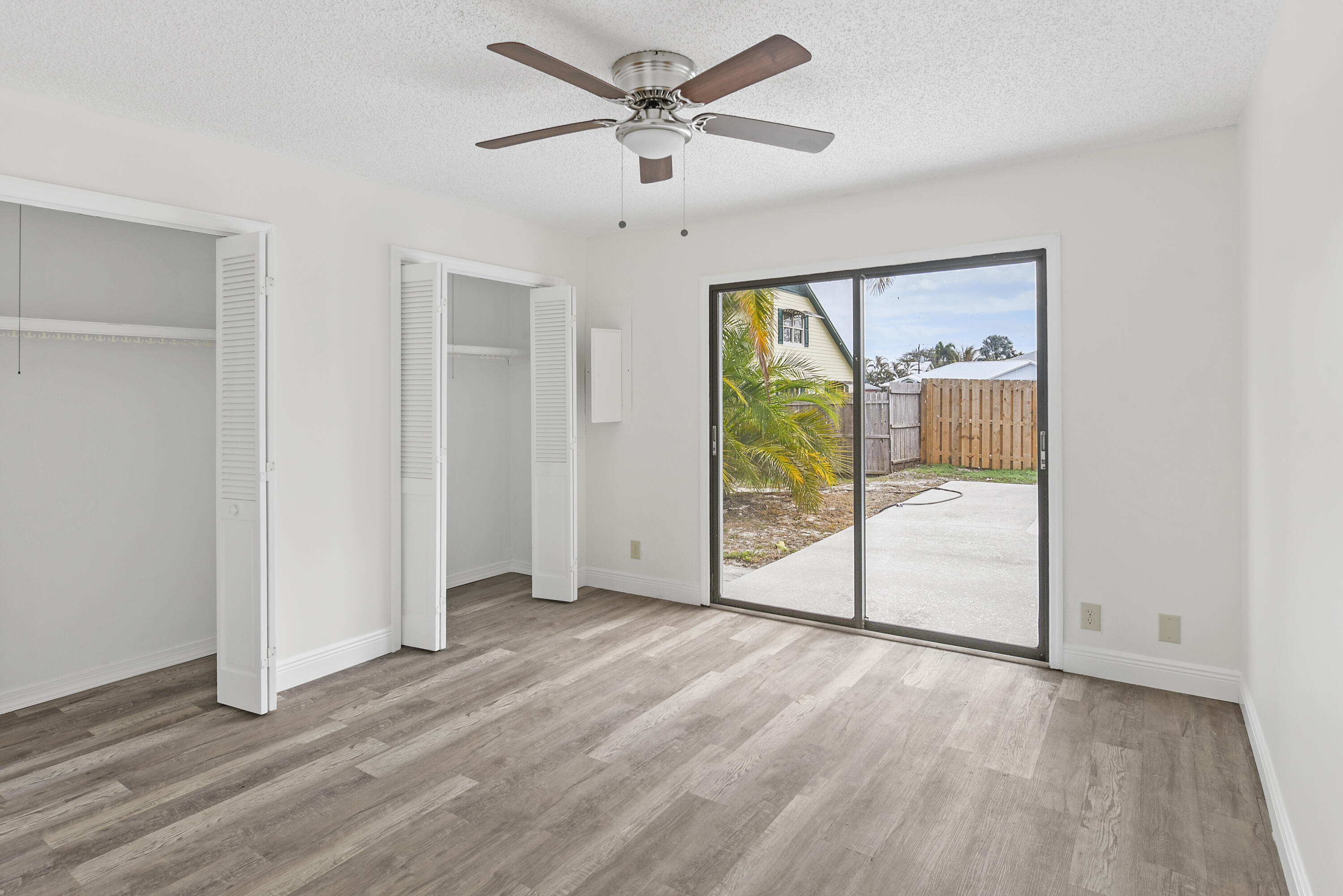 5666 Southeast Matousek Street Stuart, FL 34997 - Photo 12 of 49 a view of a livingroom with a ceiling fan and window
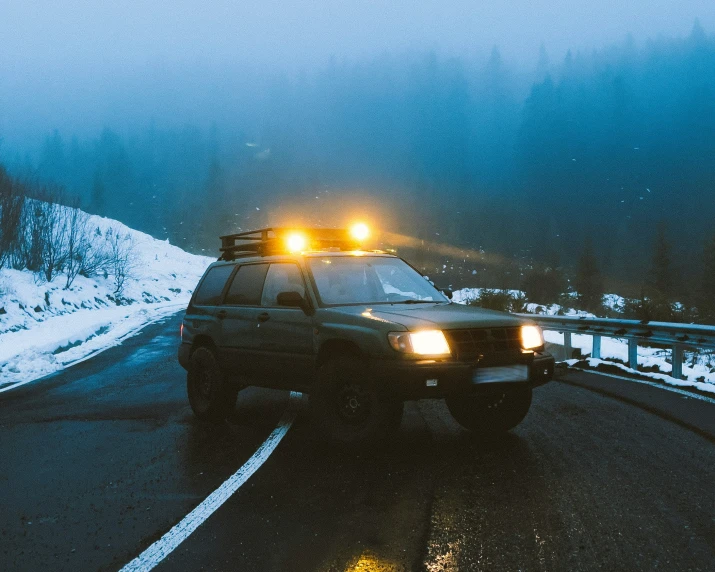 an ambulance drives in a snowy, dreary night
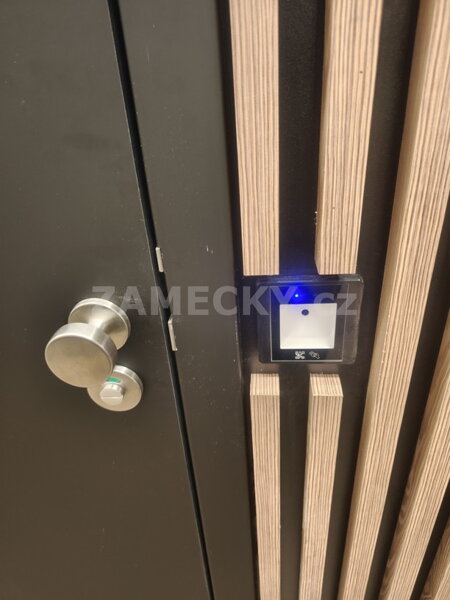 Detail instalace čtečky QR kódů pro automatické otevírání dveří na toalety (WC). Přístupový systém s elegantním zapuštěním do dřevěného obkladu umožňuje kontrolovaný vstup po naskenování platného QR kódu z účtenky nebo mobilního telefonu. Skvělé řešení pr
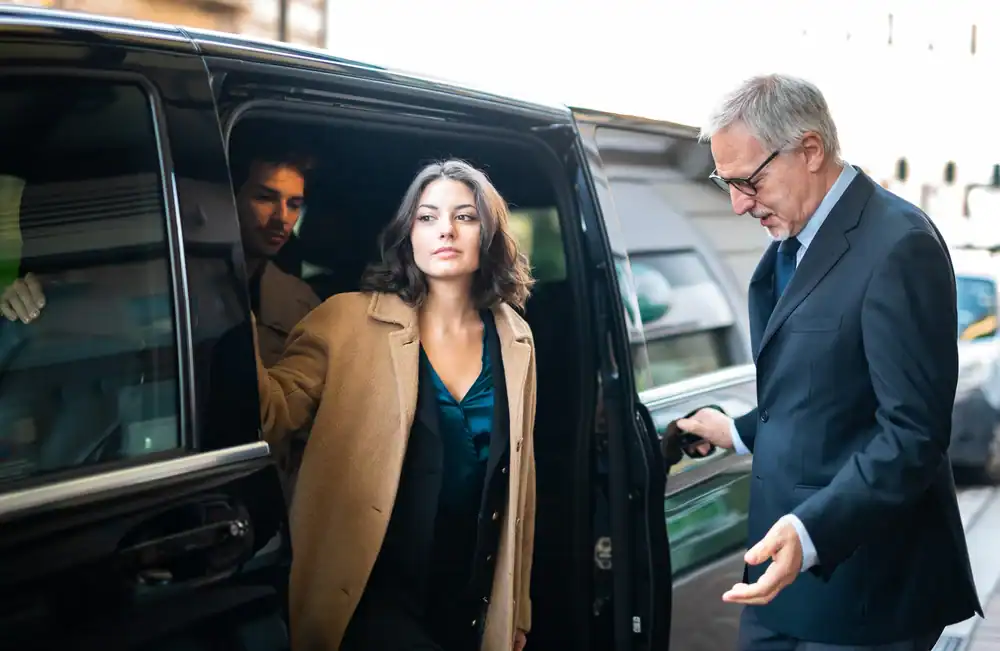 A woman steps out of a black car with the help of an older man in a suit, while another man sits inside. They appear to be arriving at a formal event, likely using a premium Limo Service New Jersey offers for such occasions.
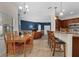 Open floor plan with bar seating and view to the Gathering room at 2801 Boat Cove Cir, Kissimmee, FL 34746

•••

With all pictures omitted, return exactly the lines from the one containing "A woman steps" through the end of the entries above.

 A woman steps out of a black car with the help of an older man in a suit, while another man sits inside. They appear to be arriving at a formal event, likely using a premium Limo Service New Jersey offers for such occasions.
 Open floor plan with bar seating and view to the Gathering room at 2801 Boat Cove Cir, Kissimmee, FL 34746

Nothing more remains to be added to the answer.